WHAT TO WORK ON: Produce a verbatim copy of the data below that contains no pictures.

DATA SHOWN:

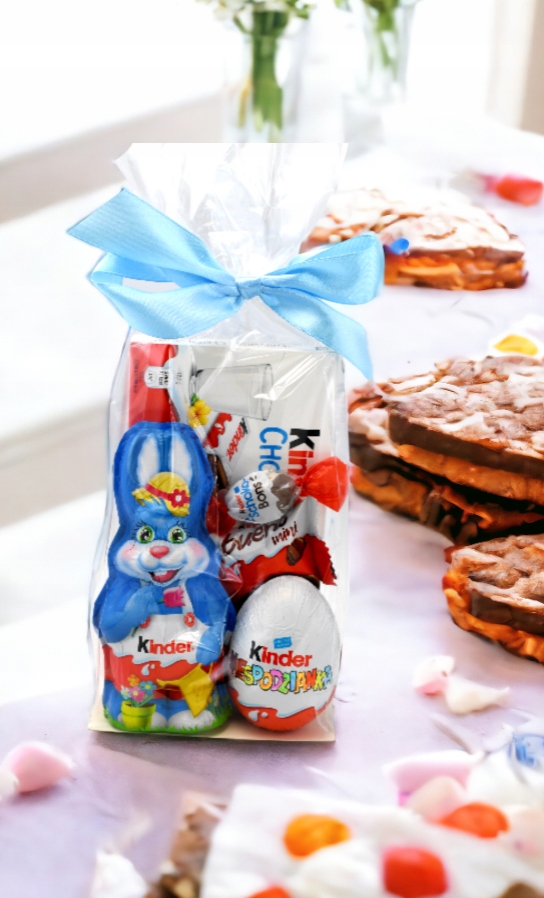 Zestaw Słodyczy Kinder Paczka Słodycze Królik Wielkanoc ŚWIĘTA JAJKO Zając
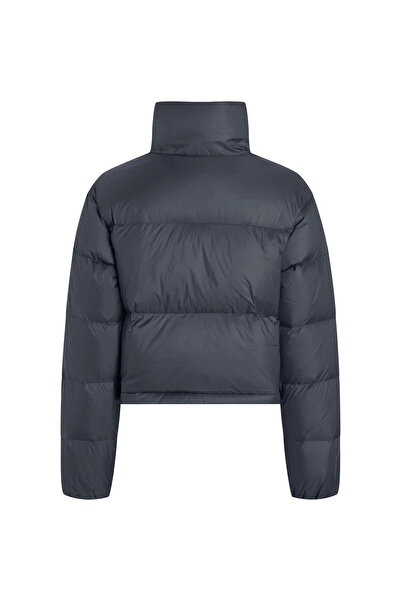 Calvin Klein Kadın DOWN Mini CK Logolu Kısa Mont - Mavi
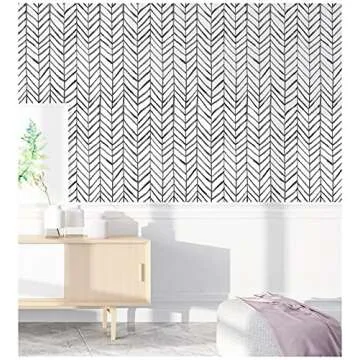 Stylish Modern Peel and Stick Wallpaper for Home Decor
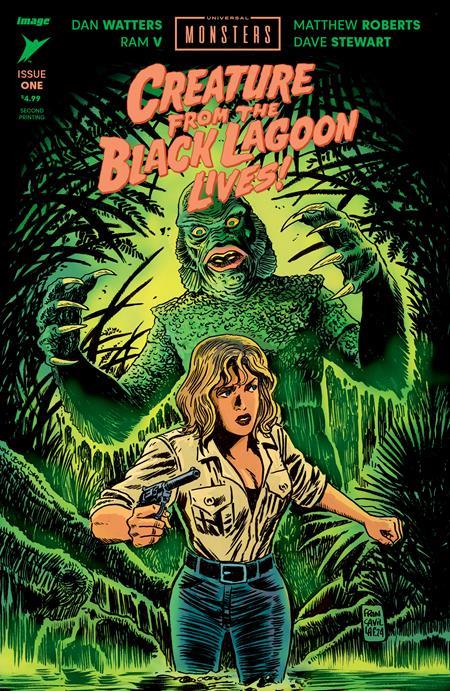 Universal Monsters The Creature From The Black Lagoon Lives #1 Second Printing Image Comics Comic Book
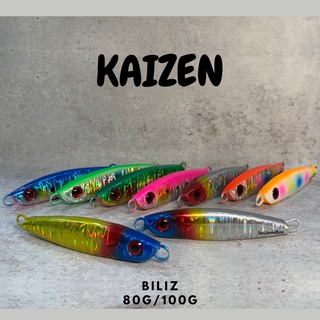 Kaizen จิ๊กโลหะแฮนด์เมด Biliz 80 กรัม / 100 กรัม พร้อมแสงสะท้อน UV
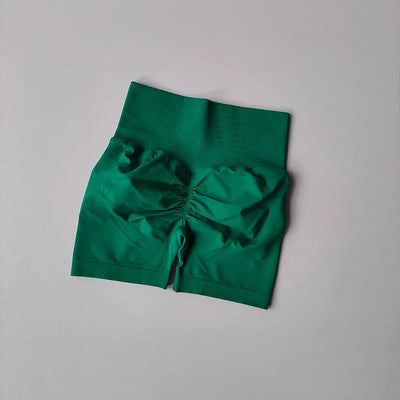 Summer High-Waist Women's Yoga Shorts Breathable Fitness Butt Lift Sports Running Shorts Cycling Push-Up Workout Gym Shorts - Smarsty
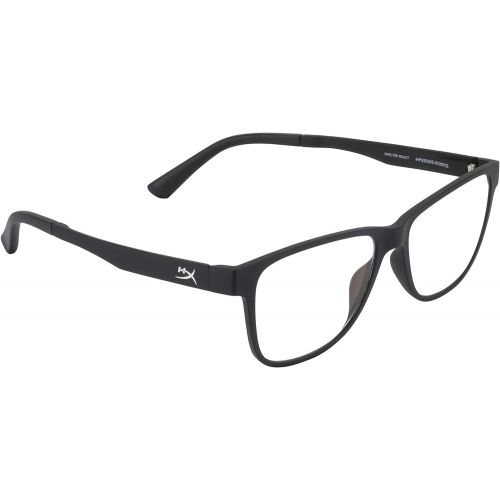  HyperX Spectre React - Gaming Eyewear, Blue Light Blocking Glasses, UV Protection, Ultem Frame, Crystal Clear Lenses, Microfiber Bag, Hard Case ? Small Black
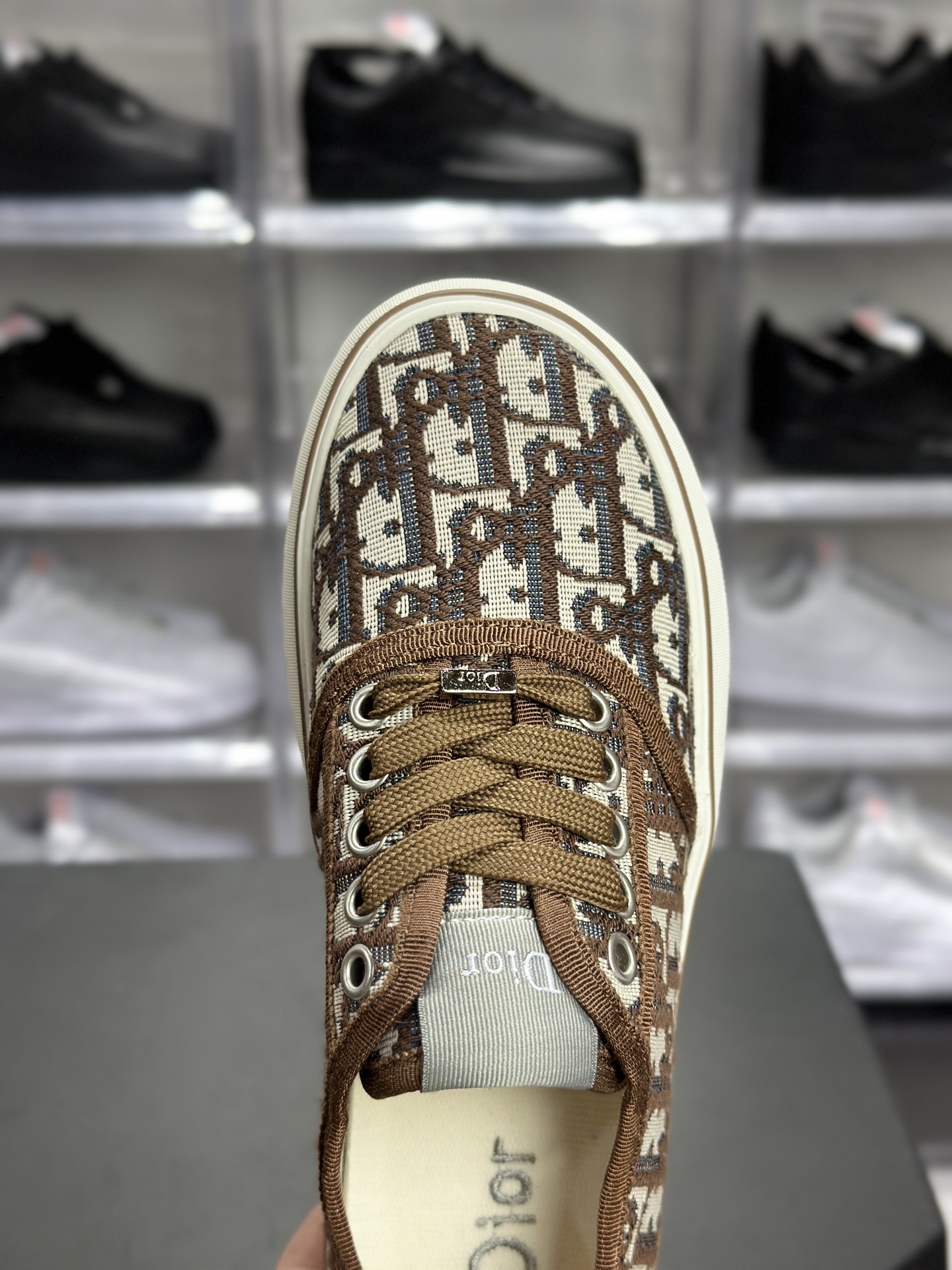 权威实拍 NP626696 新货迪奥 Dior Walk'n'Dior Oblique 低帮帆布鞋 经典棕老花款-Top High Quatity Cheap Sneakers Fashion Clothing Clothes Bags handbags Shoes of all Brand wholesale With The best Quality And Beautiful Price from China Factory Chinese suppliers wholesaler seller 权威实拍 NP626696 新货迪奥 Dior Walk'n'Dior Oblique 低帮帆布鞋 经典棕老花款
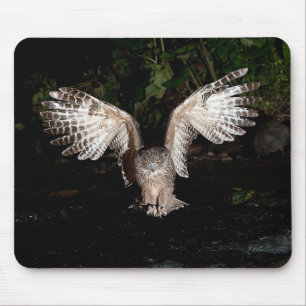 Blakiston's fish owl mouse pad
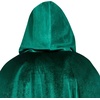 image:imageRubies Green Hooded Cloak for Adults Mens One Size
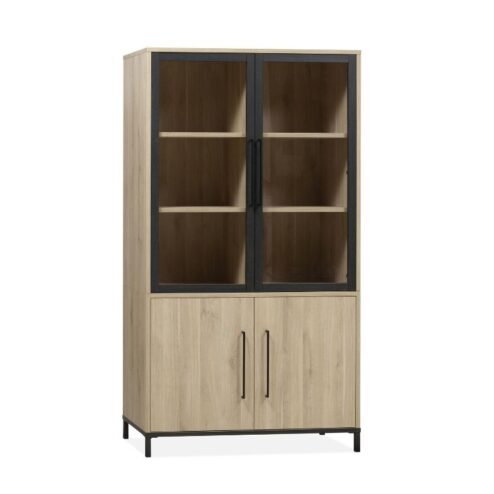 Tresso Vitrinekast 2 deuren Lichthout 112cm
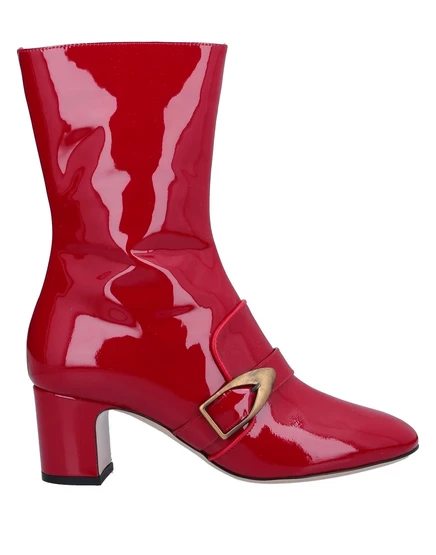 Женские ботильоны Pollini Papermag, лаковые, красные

ANSWER BOX:
 Zestaw Słodyczy Kinder Paczka Słodycze Królik Wielkanoc ŚWIĘTA JAJKO Zając
 Calvin Klein Kadın DOWN Mini CK Logolu Kısa Mont - Mavi
 Stylish Modern Peel and Stick Wallpaper for Home Decor
 Universal Monsters The Creature From The Black Lagoon Lives #1 Second Printing Image Comics Comic Book
 Kaizen จิ๊กโลหะแฮนด์เมด Biliz 80 กรัม / 100 กรัม พร้อมแสงสะท้อน UV
 Summer High-Waist Women's Yoga Shorts Breathable Fitness Butt Lift Sports Running Shorts Cycling Push-Up Workout Gym Shorts - Smarsty
  HyperX Spectre React - Gaming Eyewear, Blue Light Blocking Glasses, UV Protection, Ultem Frame, Crystal Clear Lenses, Microfiber Bag, Hard Case ? Small Black
 权威实拍 NP626696 新货迪奥 Dior Walk'n'Dior Oblique 低帮帆布鞋 经典棕老花款-Top High Quatity Cheap Sneakers Fashion Clothing Clothes Bags handbags Shoes of all Brand wholesale With The best Quality And Beautiful Price from China Factory Chinese suppliers wholesaler seller 权威实拍 NP626696 新货迪奥 Dior Walk'n'Dior Oblique 低帮帆布鞋 经典棕老花款
 Blakiston's fish owl mouse pad
 image:imageRubies Green Hooded Cloak for Adults Mens One Size
 Tresso Vitrinekast 2 deuren Lichthout 112cm
 Женские ботильоны Pollini Papermag, лаковые, красные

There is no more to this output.